▶ [Problem to solve]
When copying the data below, keep only the lines from the one with "Picture 5 of 10" through the one with "with receipt thumbnail", word for word, and skip the pictures.

▶ [Supplied data]
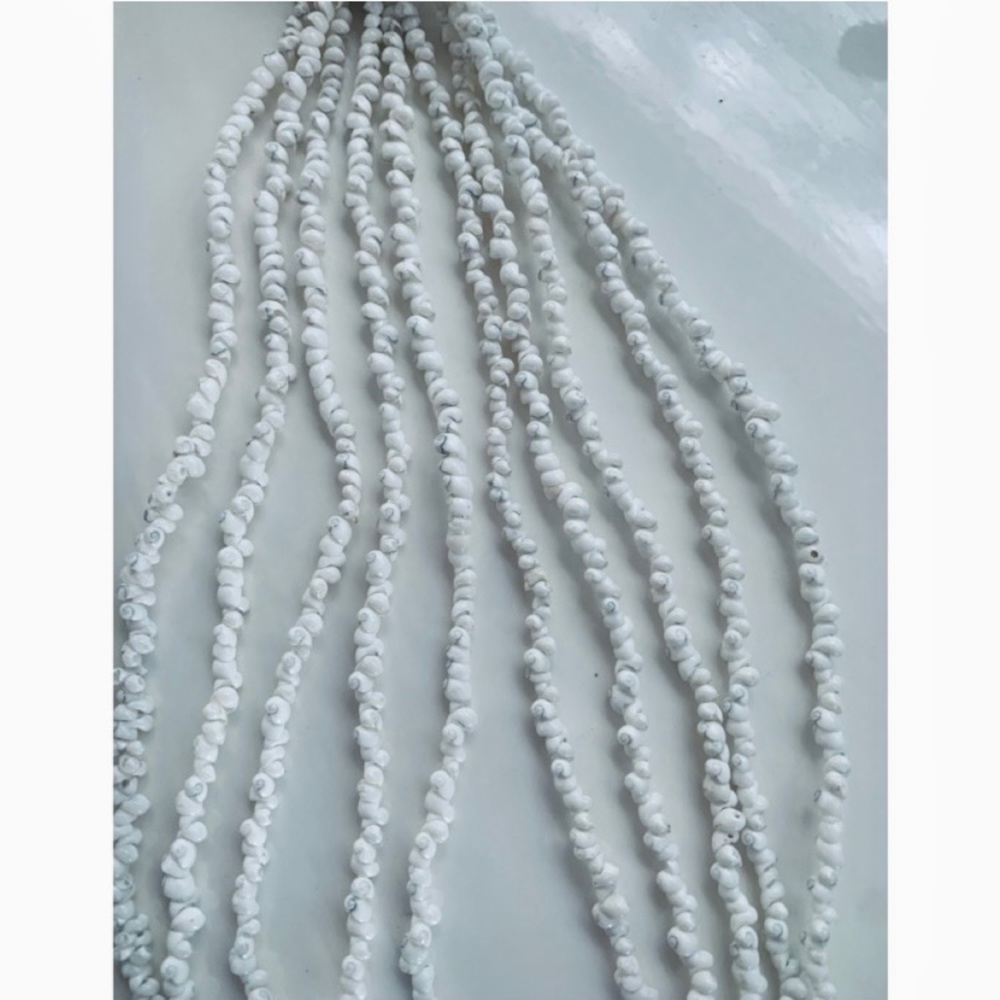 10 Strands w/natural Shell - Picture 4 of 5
...
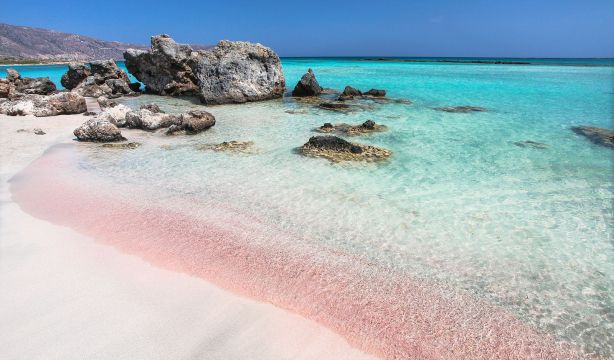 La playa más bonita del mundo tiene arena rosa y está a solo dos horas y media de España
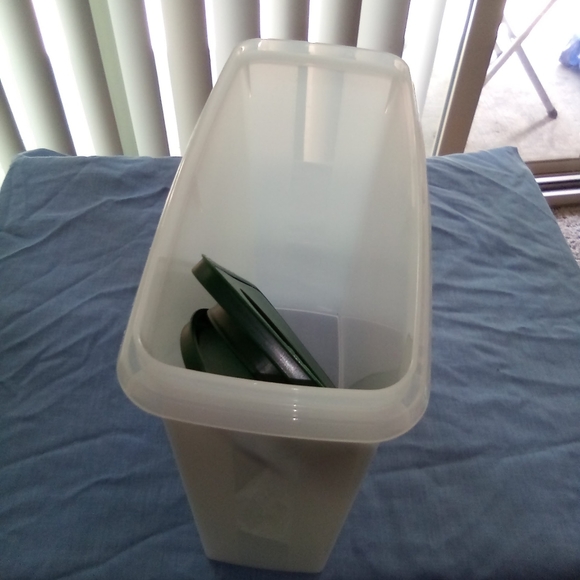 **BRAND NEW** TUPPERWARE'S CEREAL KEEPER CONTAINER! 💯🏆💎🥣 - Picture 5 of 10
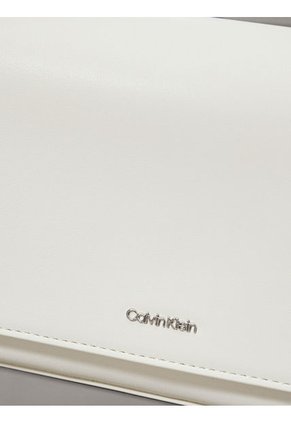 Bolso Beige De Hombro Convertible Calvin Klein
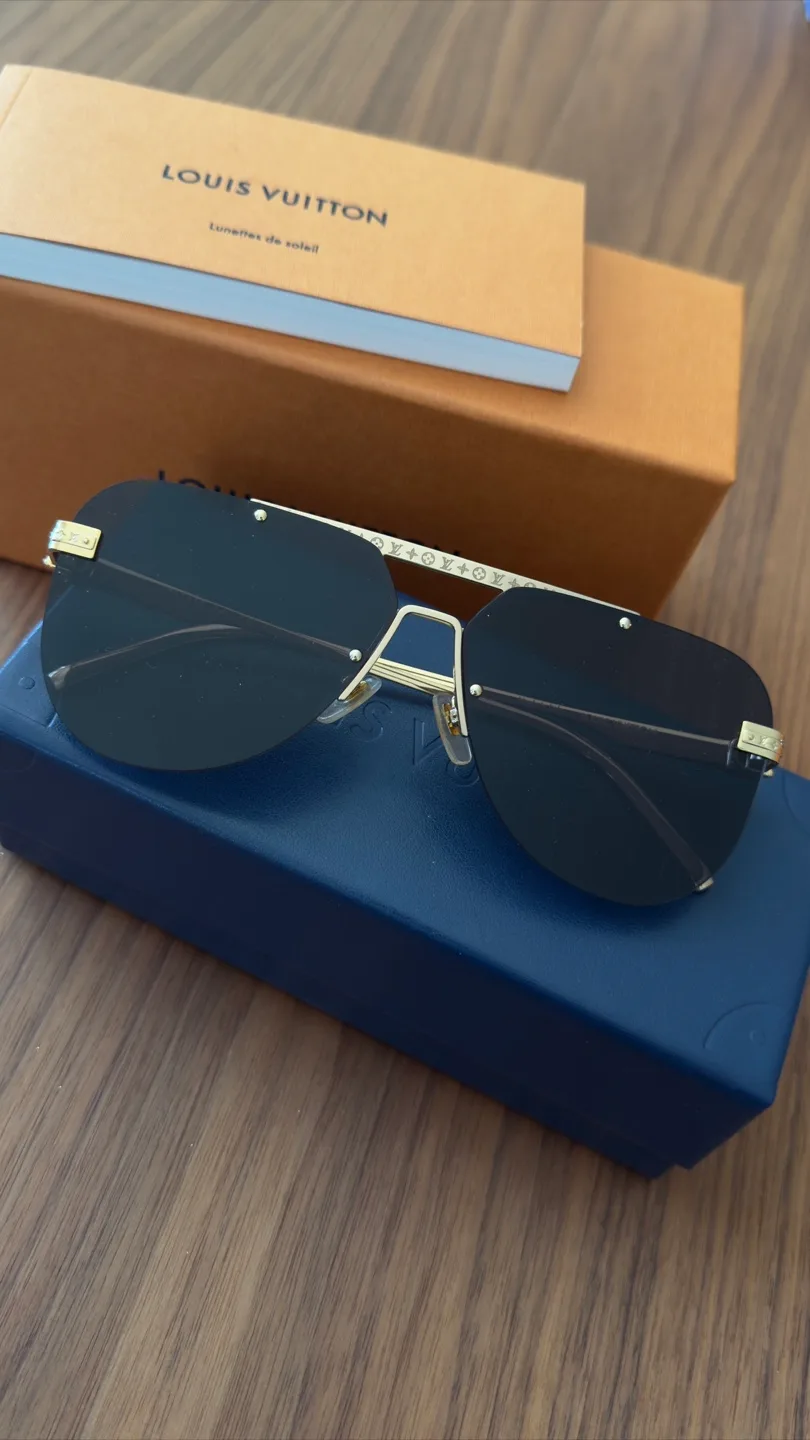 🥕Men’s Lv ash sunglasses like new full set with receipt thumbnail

▶ [Output of the task]
 **BRAND NEW** TUPPERWARE'S CEREAL KEEPER CONTAINER! 💯🏆💎🥣 - Picture 5 of 10
 Bolso Beige De Hombro Convertible Calvin Klein
 🥕Men’s Lv ash sunglasses like new full set with receipt thumbnail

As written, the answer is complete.